EU membership 'clearly positive' for Poland: anniversary report
Poland's first year as a member of the European Union was 'clearly positive' for the country, which has benefited notably from a better international reputation and stronger economy, a government report said Wednesday.
"We end our first year in the European Union on a clearly positive note," Prime Minister Marek Belka told reporters at a press conference where the report was officially presented.
"Although the situation did not improve everywhere, I challenge you to show me an area in which it deteriorated" since Poland joined the EU on May 1 last year, he said.
The report points to the growth of foreign direct investment which last year amounted to nearly 7.9 billion dollars (6.04 billion euros) in 2004, an increase of 23 percent compared with 2003 and the highest inflow over the last four years.
Exports from Poland to other EU member states grew by 35 percent between May and December last year compared with the same period in 2003.
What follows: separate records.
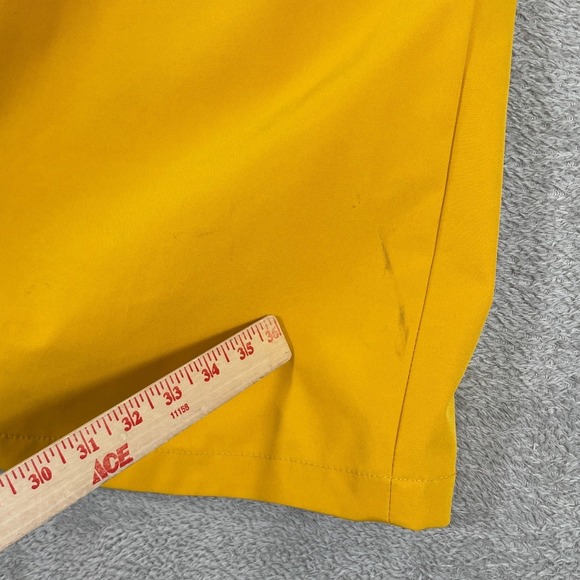 Pendleton Hooded Rain Jacket Womens Medium Yellow Waterproof Aztec Lined Coat - Picture 5 of 13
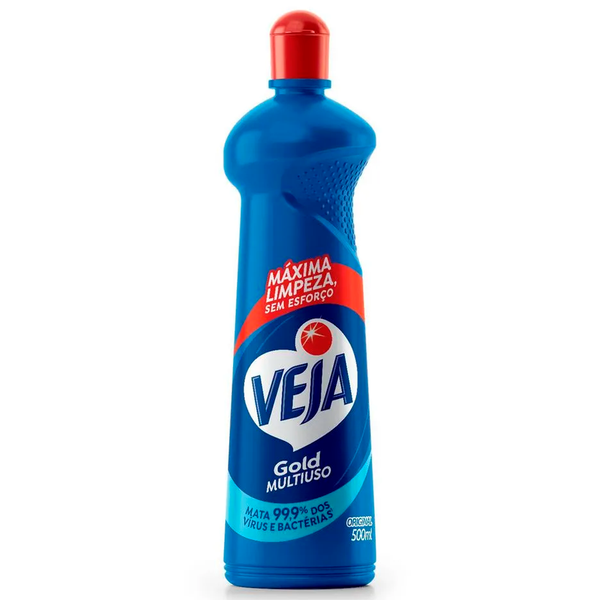 LIMPADOR MULTI USO SQZ VEJA FRASCO 500ml ORIGINAL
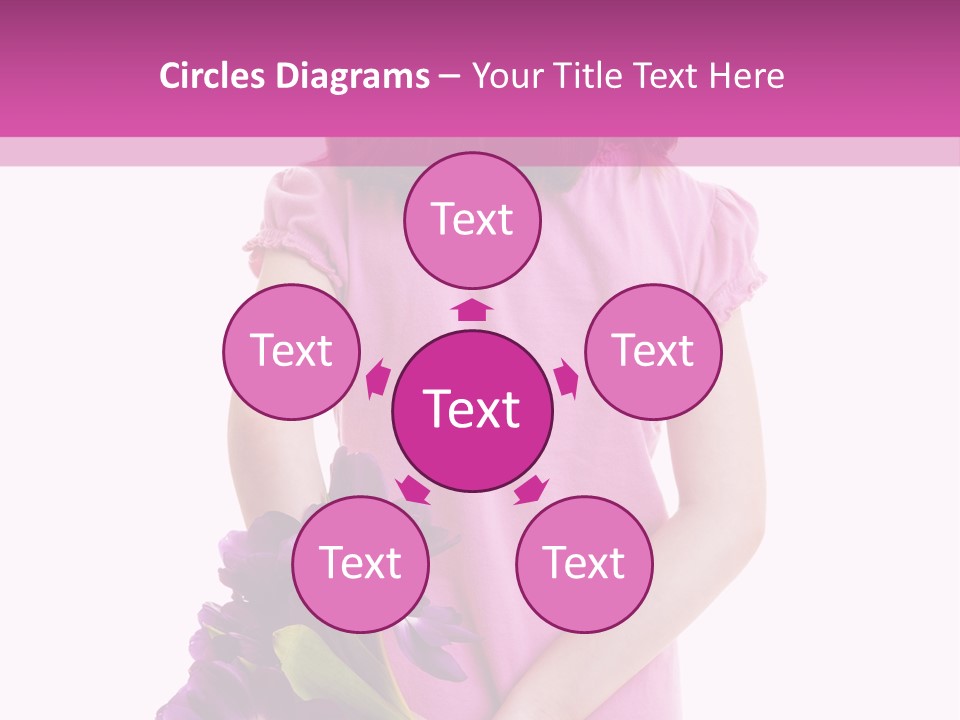 Bloom Mothers Day Season PowerPoint Template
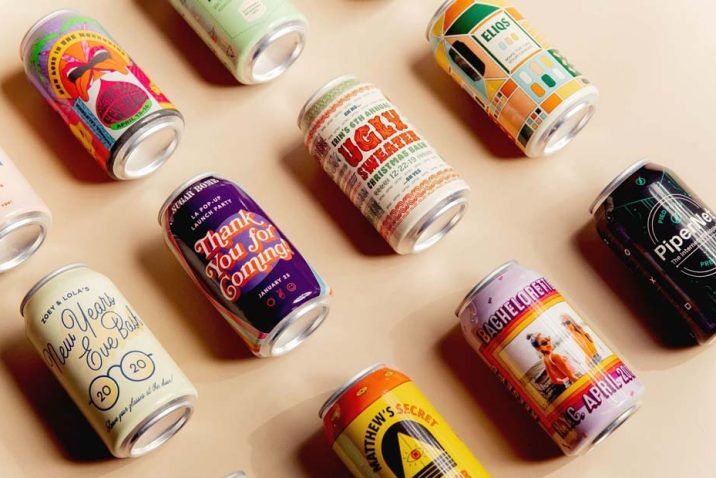 Designing Custom Beer Cans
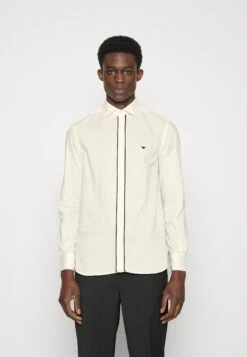 Emporio Armani Skjorte - White/Piping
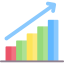 Bar graph 图标 64x64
Poland received 1.45 billion euros more in EU funds than the new member state paid into EU coffers.
"Agriculture benefited to the tune of 7.5 billion zlotys (1.8 billion euros)" from the EU, Belka said.
The most pessimistic of scenarios warned of by EU-naysayers before Poland joined the union -- massive bankruptcies among Polish small- and medium-sized businesses, produce from other EU countries flooding the market, foreigners buying up property in Poland, and a mass exodus of Polish workers in search of jobs elsewhere in the union -- did not materialise, said the report.
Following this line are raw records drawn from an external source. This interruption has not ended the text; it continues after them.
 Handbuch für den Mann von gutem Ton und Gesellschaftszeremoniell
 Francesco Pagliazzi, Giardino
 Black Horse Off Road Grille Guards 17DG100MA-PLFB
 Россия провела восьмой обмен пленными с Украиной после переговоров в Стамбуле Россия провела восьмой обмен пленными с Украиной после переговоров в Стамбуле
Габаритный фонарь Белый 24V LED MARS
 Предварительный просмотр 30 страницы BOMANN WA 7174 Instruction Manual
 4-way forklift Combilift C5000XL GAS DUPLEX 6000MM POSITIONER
As a result "social mood and perception of the European Union and our membership therein have changed. The fears have sometimes given way to conviction of enhanced opportunities," said the report.
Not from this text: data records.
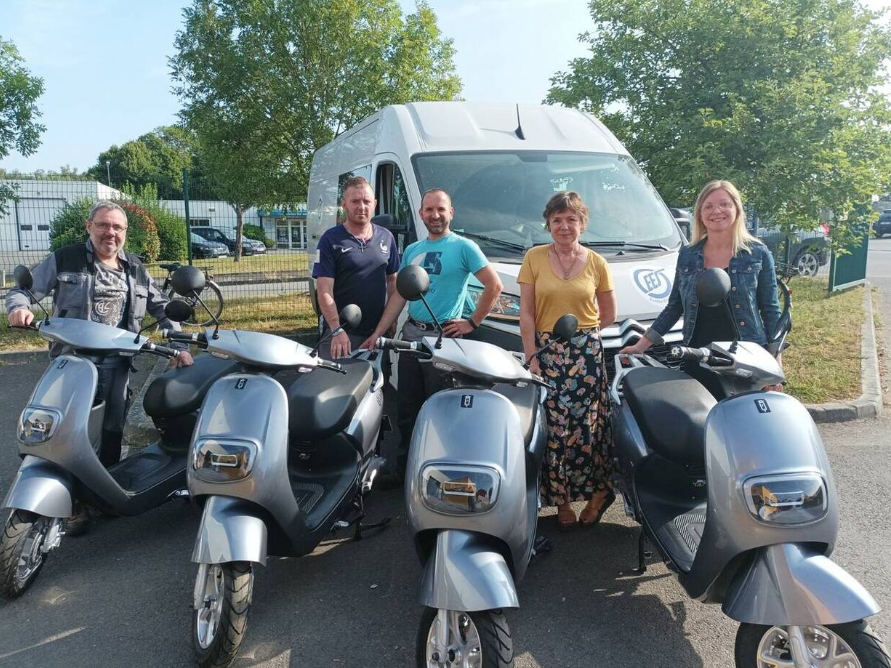 À Montfort-sur-Meu, Eurêka passe à l’électrique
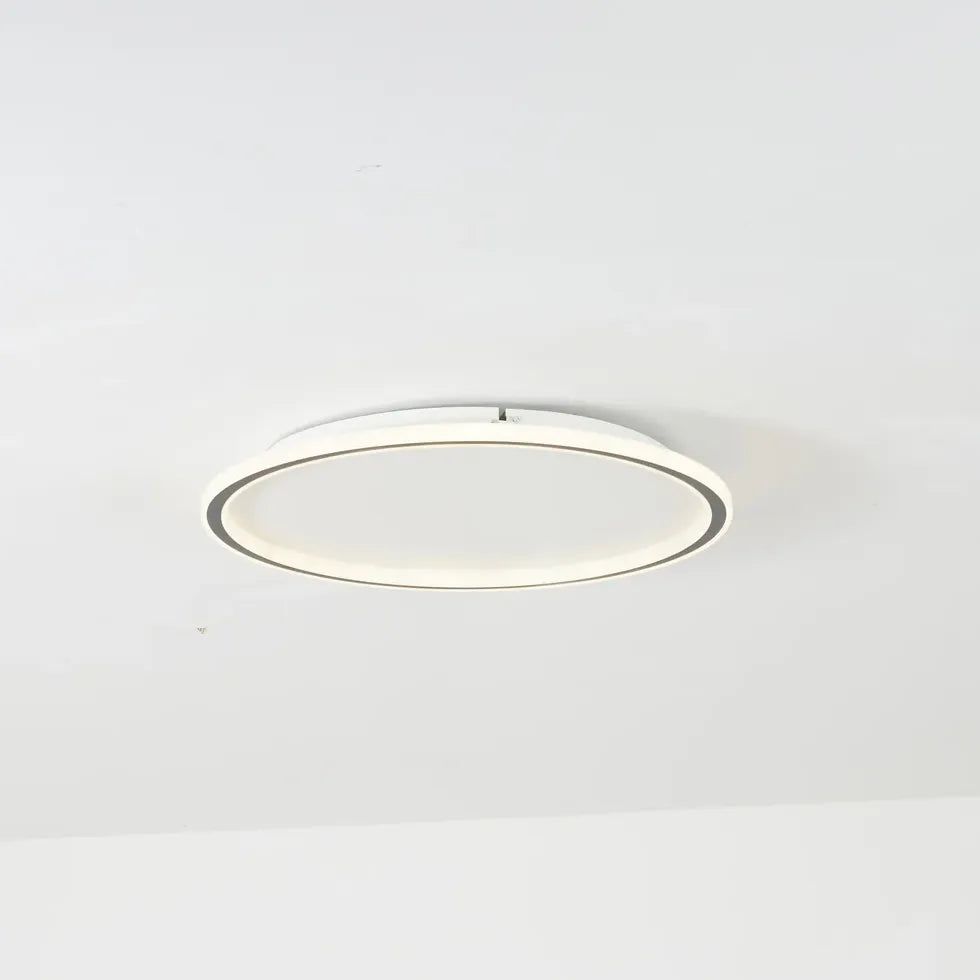 Ring-Shaped Modern Bedroom Flush Ceiling Lights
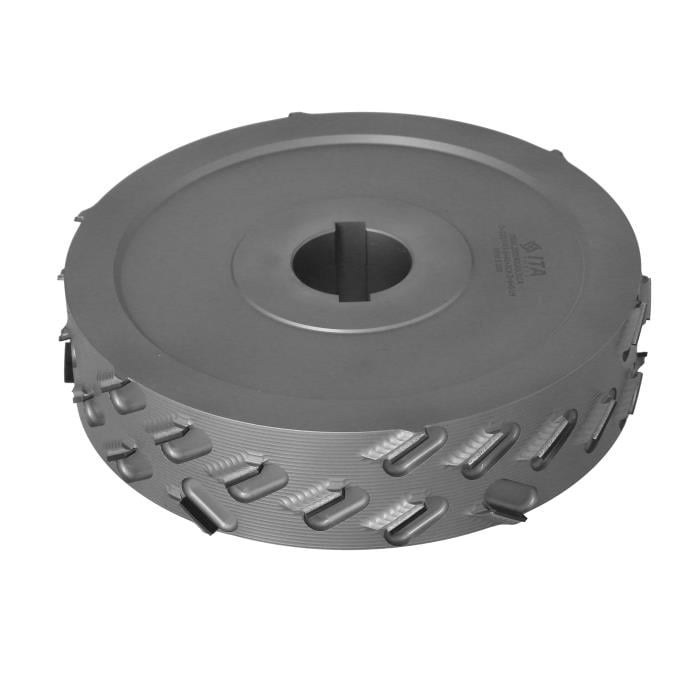 200x43x40 Z=6+6 DİA ÖN FREZE TOPU LH A=54° (DGM.200040043.TLC4) - 2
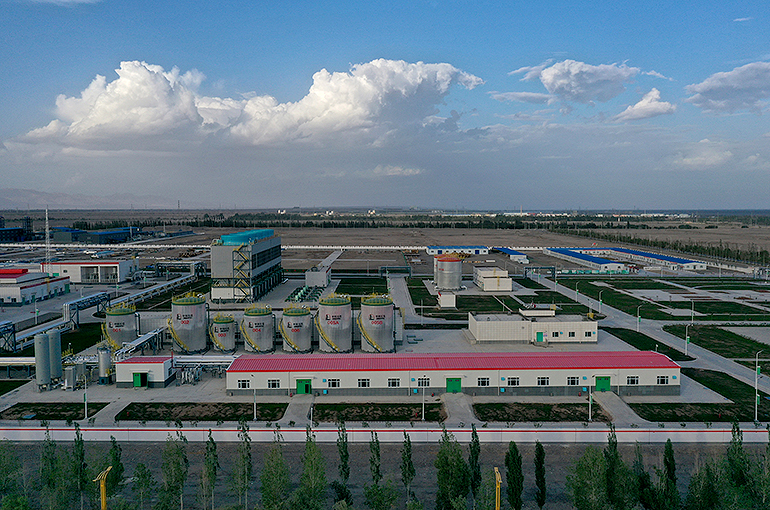 Sinopec Completes China's Biggest Green Hydrogen Plant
"For example, Polish SMEs, after the experiences of the first months of our presence in the union, mostly support membership, seeing it as providing development opportunities.
"The largest growth in support for accession was noted in farming and food production sectors where it went up from 20 percent to over 70 percent in just a few months," said the report, noting that "the incomes of persons making livings out of farming or trade in food produce went up".
In terms of Poland's growing importance on the international political scene, the report noted that Poland helped make "the European Union more open to Ukraine" and that Warsaw has had an "impact on the decision-making process, shaping of policies and legal acts of the European Union."
Poland "exerted significant influence on the course of the discussion on the shape of... the Union's budget for the years 2007 - 2013, whose biggest beneficiary should be Poland," it said.